→ **RECORDS SHOWN**:
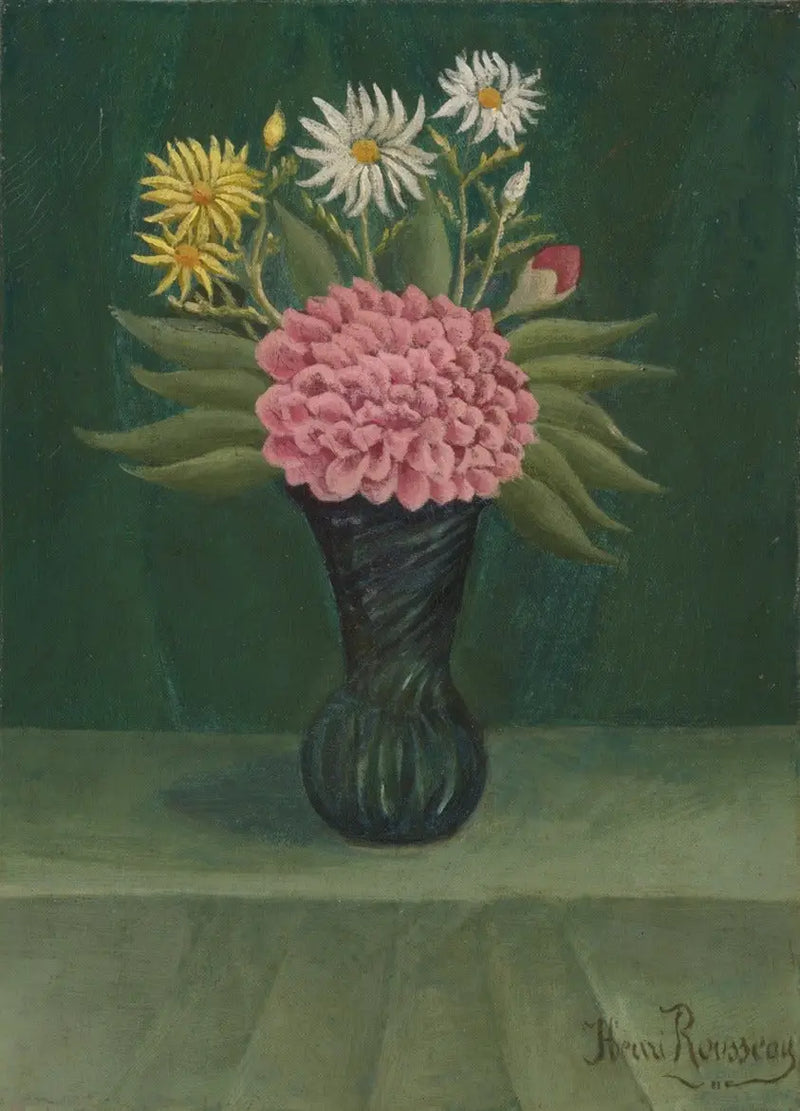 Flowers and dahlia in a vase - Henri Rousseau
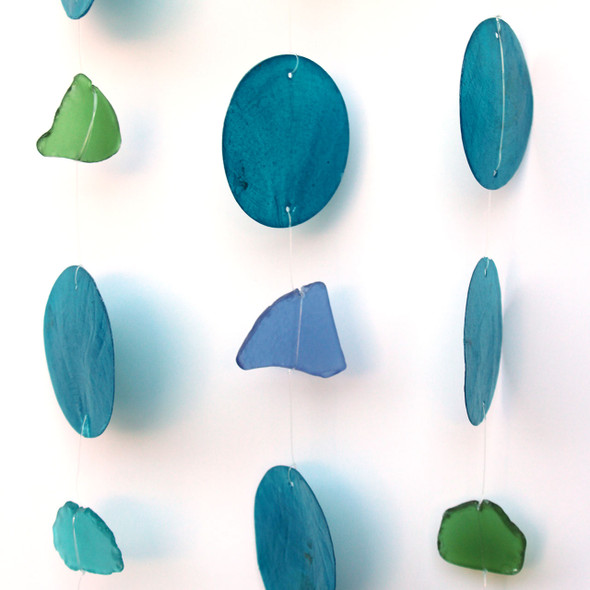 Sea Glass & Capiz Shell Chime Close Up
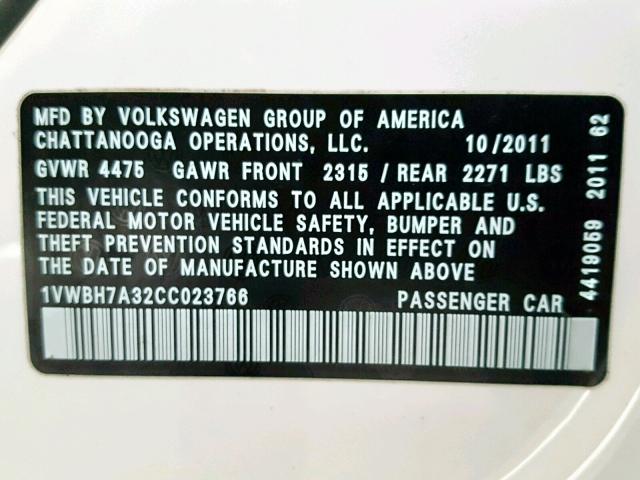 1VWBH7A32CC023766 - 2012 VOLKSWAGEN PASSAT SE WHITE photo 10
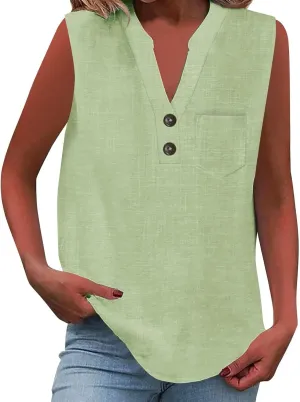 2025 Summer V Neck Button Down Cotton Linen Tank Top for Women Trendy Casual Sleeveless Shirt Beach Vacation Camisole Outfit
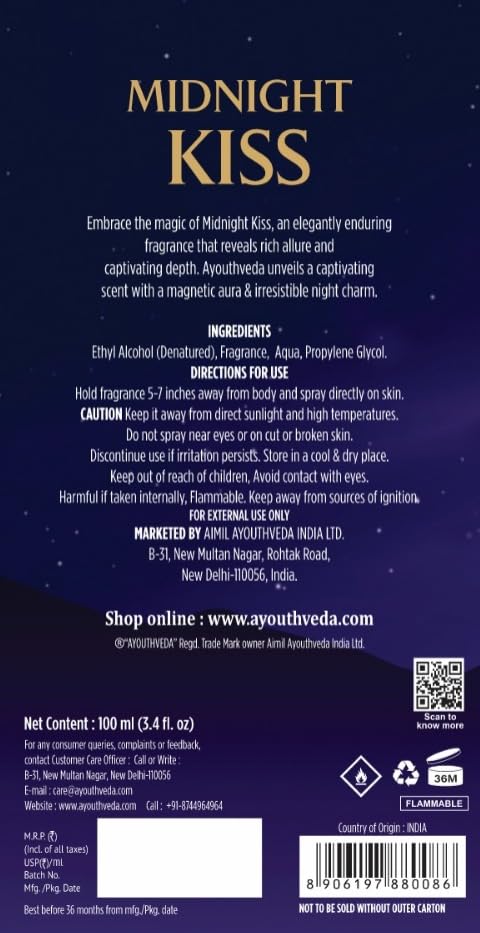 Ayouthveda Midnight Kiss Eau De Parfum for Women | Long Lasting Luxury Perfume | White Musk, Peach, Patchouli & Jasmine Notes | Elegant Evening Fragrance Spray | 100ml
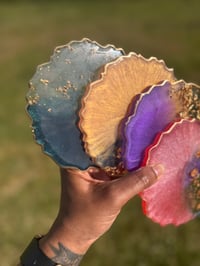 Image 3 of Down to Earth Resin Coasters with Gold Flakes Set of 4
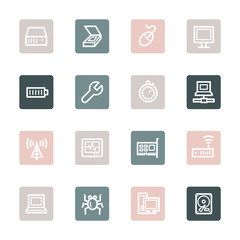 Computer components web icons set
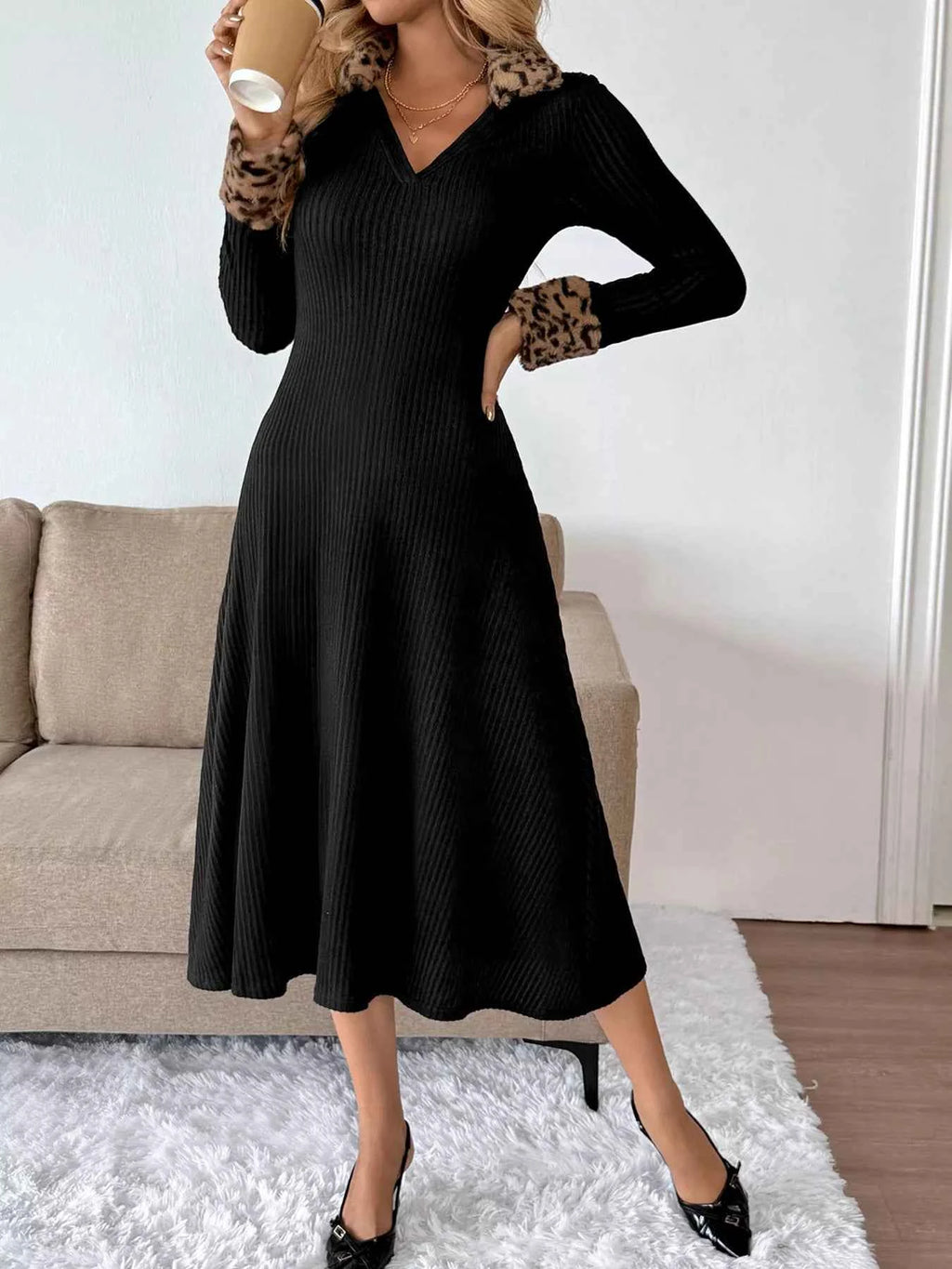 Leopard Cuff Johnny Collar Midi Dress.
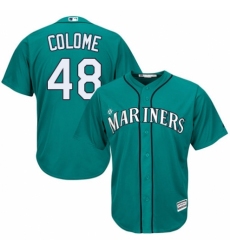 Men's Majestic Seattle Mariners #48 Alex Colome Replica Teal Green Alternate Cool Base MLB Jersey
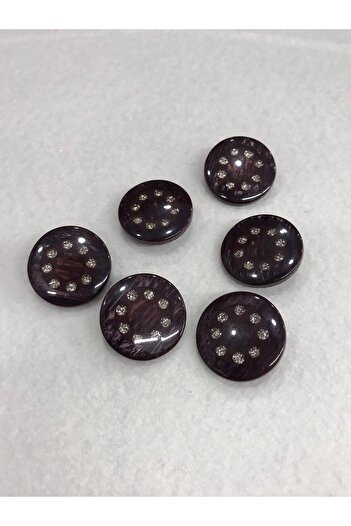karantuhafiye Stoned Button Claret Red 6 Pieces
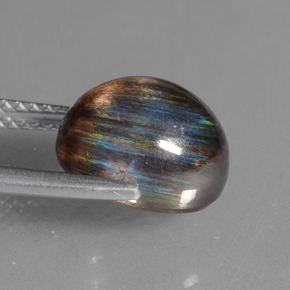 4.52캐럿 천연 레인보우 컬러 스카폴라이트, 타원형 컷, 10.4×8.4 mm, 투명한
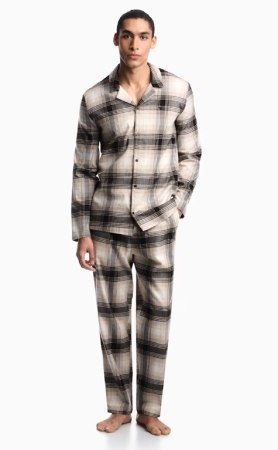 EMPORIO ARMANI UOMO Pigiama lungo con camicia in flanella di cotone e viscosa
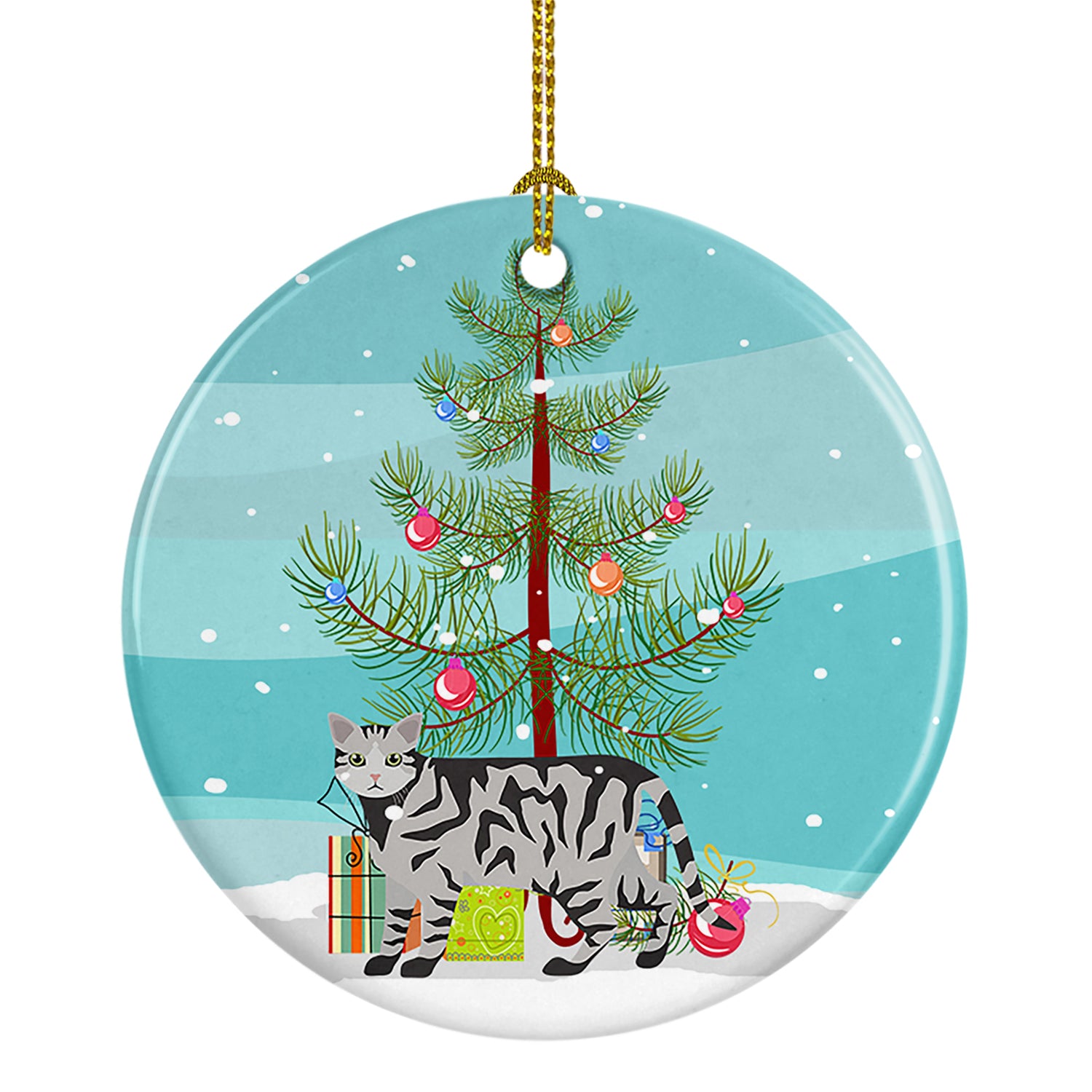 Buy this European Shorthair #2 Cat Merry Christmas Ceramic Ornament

→ **PROBLEM TO WORK ON**: Leaving out the pictures, restate each line of the listing above verbatim, from the opening line to the line bearing "EMPORIO ARMANI UOMO", inclusive, and no more.

→ **SOLUTION TO THIS TASK**:
 Flowers and dahlia in a vase - Henri Rousseau
 Sea Glass & Capiz Shell Chime Close Up
 1VWBH7A32CC023766 - 2012 VOLKSWAGEN PASSAT SE WHITE photo 10
 2025 Summer V Neck Button Down Cotton Linen Tank Top for Women Trendy Casual Sleeveless Shirt Beach Vacation Camisole Outfit
 Ayouthveda Midnight Kiss Eau De Parfum for Women | Long Lasting Luxury Perfume | White Musk, Peach, Patchouli & Jasmine Notes | Elegant Evening Fragrance Spray | 100ml
 Image 3 of Down to Earth Resin Coasters with Gold Flakes Set of 4
 Computer components web icons set
 Leopard Cuff Johnny Collar Midi Dress.
 Men's Majestic Seattle Mariners #48 Alex Colome Replica Teal Green Alternate Cool Base MLB Jersey
karantuhafiye Stoned Button Claret Red 6 Pieces
 4.52캐럿 천연 레인보우 컬러 스카폴라이트, 타원형 컷, 10.4×8.4 mm, 투명한
 EMPORIO ARMANI UOMO Pigiama lungo con camicia in flanella di cotone e viscosa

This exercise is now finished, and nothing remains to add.